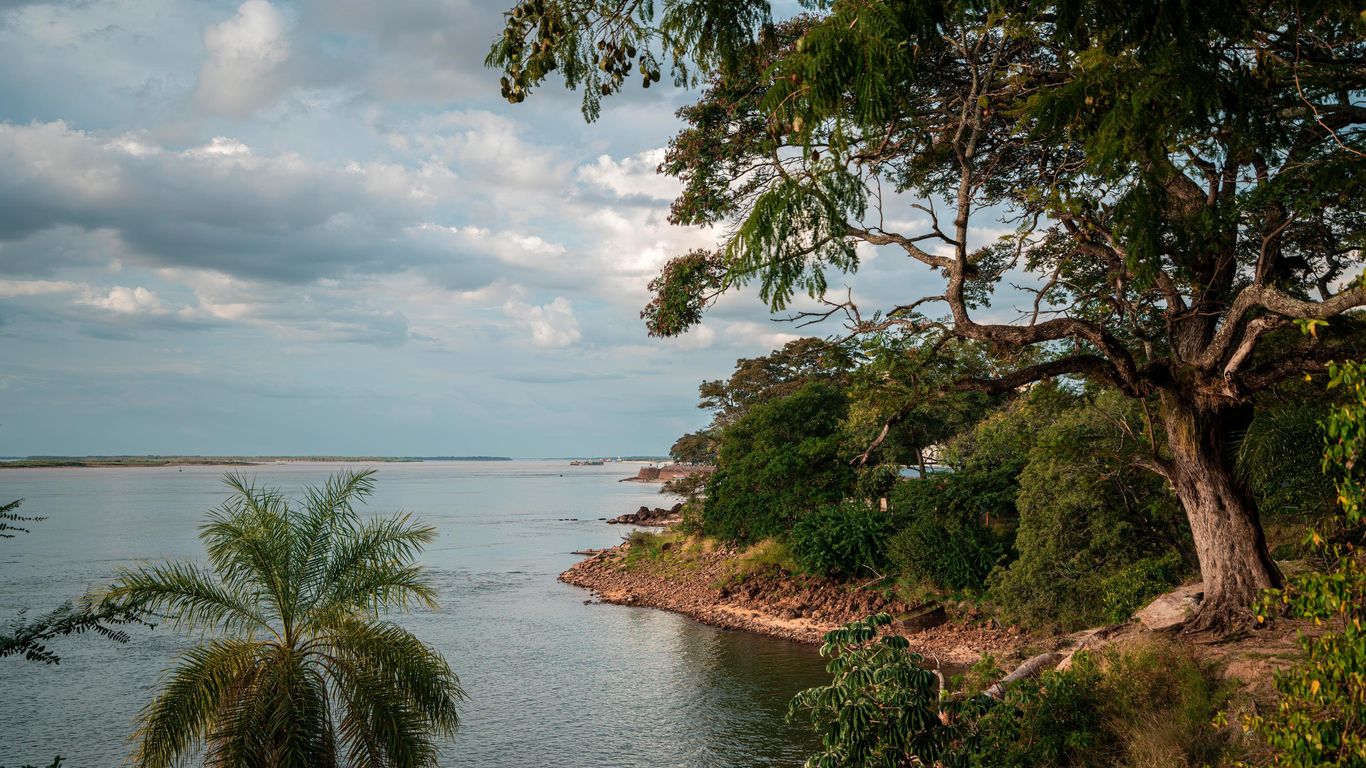 Flights to Corrientes Camba Punta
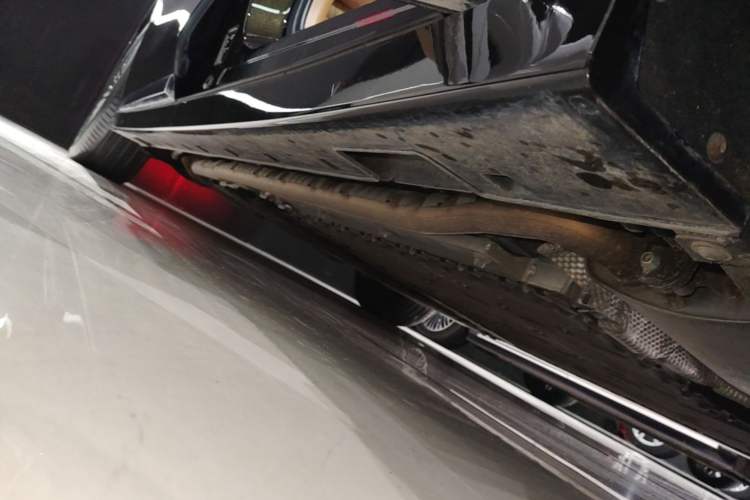 Used VOYAH Dream 2025 PHEV Four-Wheel-Drive Flagship Kunpeng Edition Right Side Sill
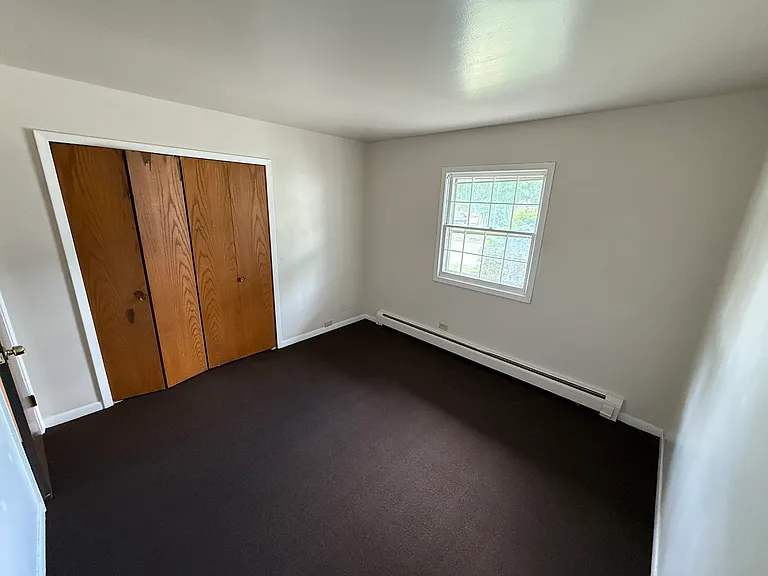 1585 Maple Ln — Photo 7
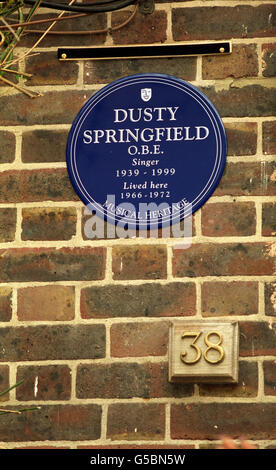 A blue plaque unveiled by the Musical Heritage to Sixties pop star Dusty Springfield at a house in Aubrey Walk, Kensington, London, where the star, who died in March 1999, aged 59, lived in the late 1960s and early 1970s. * The unveiling ceremony was followed by a reception dinner at Grosvenor House in London attended by stars such as Sir Norman Wisdom and Sir John Mills. Stock Photo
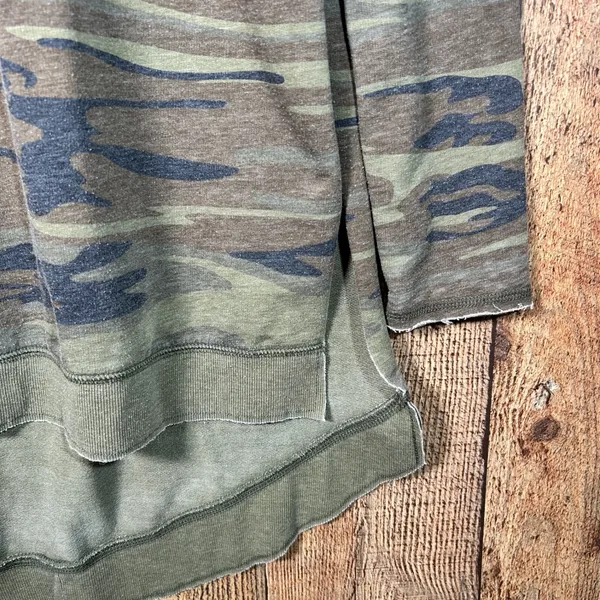 Z Supply XS Camo Weekender Pullover Sweatshirt Baby French Terry Distressed - Image 2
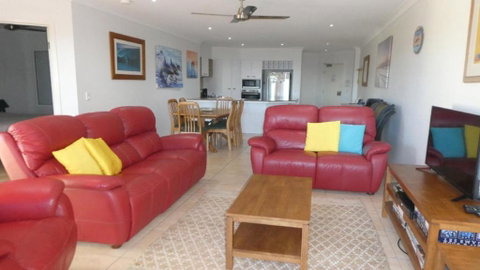 Sands 16, 20 - 22 Pacific Parade - Yamba Accommodation 3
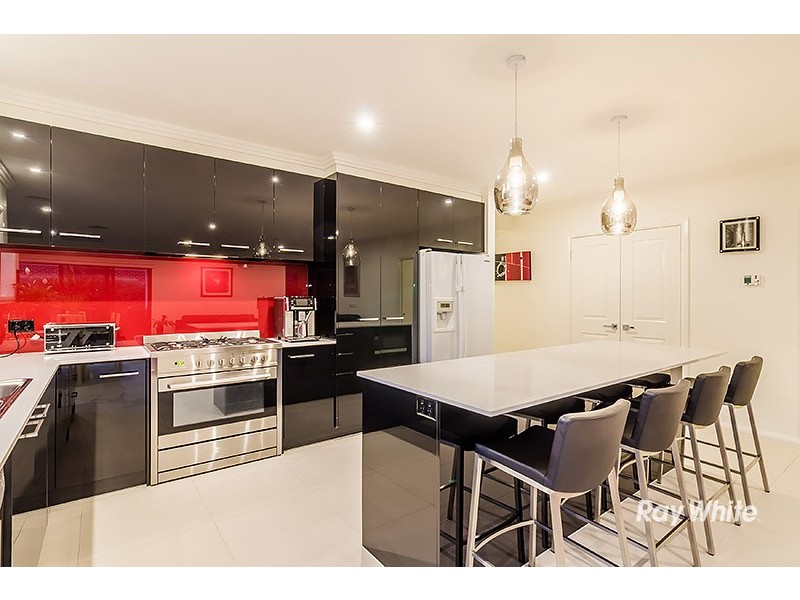 16 John Russell Road, Cranbourne West VIC 3977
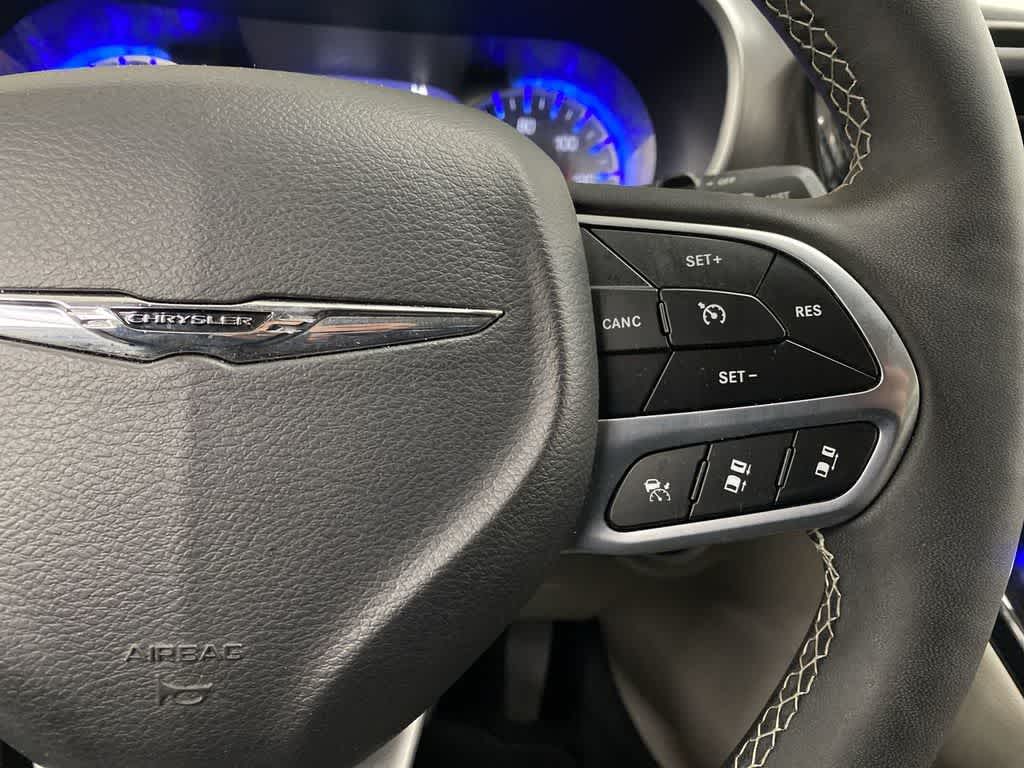 Thumbnail: 2024 Chrysler Pacifica - 21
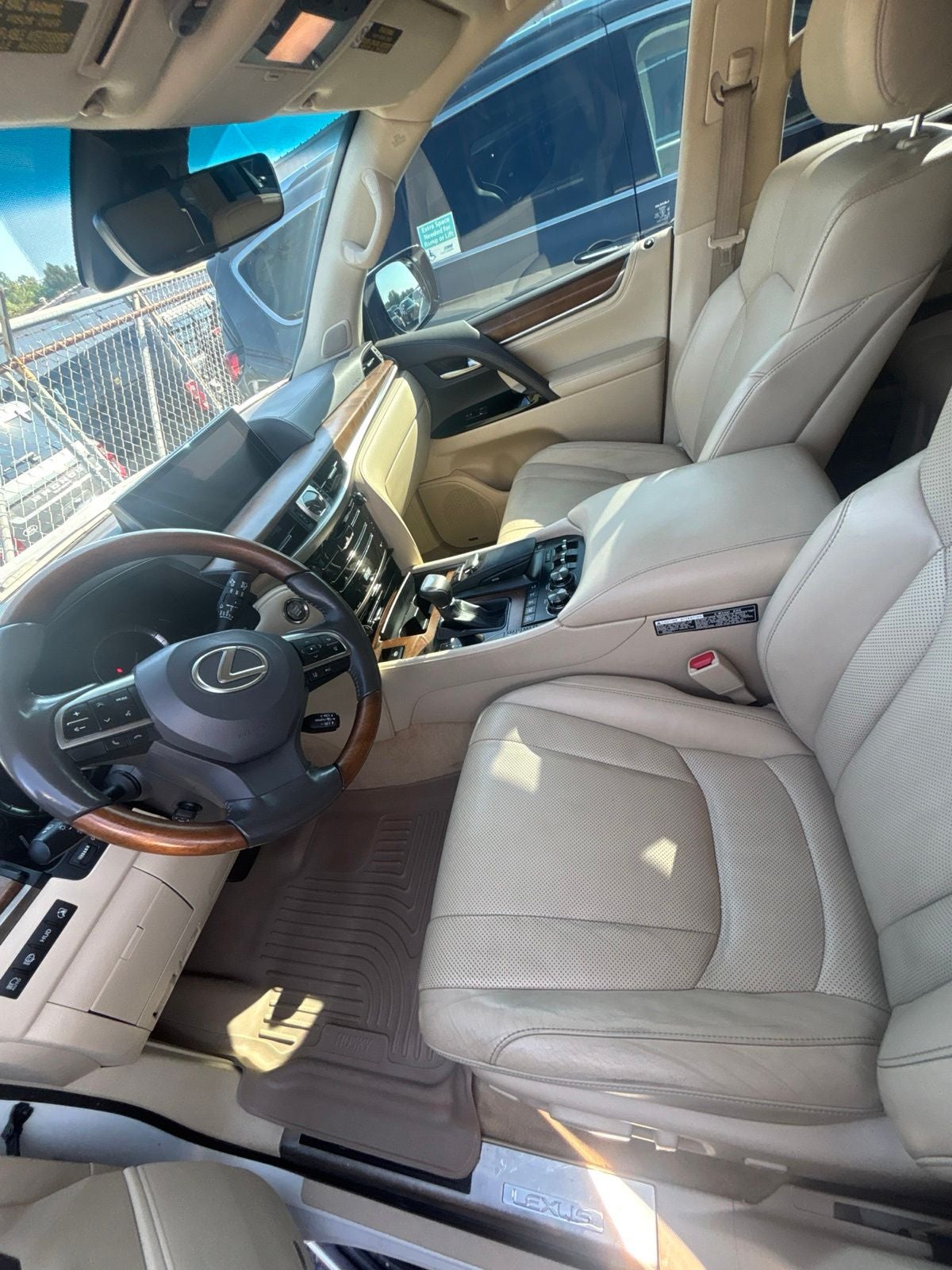 2020 Lexus LX 570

* Prompt *
Would you write out all of the data exactly as it stands, without the pictures?

* The completed task *
 Flights to Corrientes Camba Punta
 Used VOYAH Dream 2025 PHEV Four-Wheel-Drive Flagship Kunpeng Edition Right Side Sill
 1585 Maple Ln — Photo 7
 A blue plaque unveiled by the Musical Heritage to Sixties pop star Dusty Springfield at a house in Aubrey Walk, Kensington, London, where the star, who died in March 1999, aged 59, lived in the late 1960s and early 1970s. * The unveiling ceremony was followed by a reception dinner at Grosvenor House in London attended by stars such as Sir Norman Wisdom and Sir John Mills. Stock Photo
 Z Supply XS Camo Weekender Pullover Sweatshirt Baby French Terry Distressed - Image 2
 Sands 16, 20 - 22 Pacific Parade - Yamba Accommodation 3
 16 John Russell Road, Cranbourne West VIC 3977
 Thumbnail: 2024 Chrysler Pacifica - 21
 2020 Lexus LX 570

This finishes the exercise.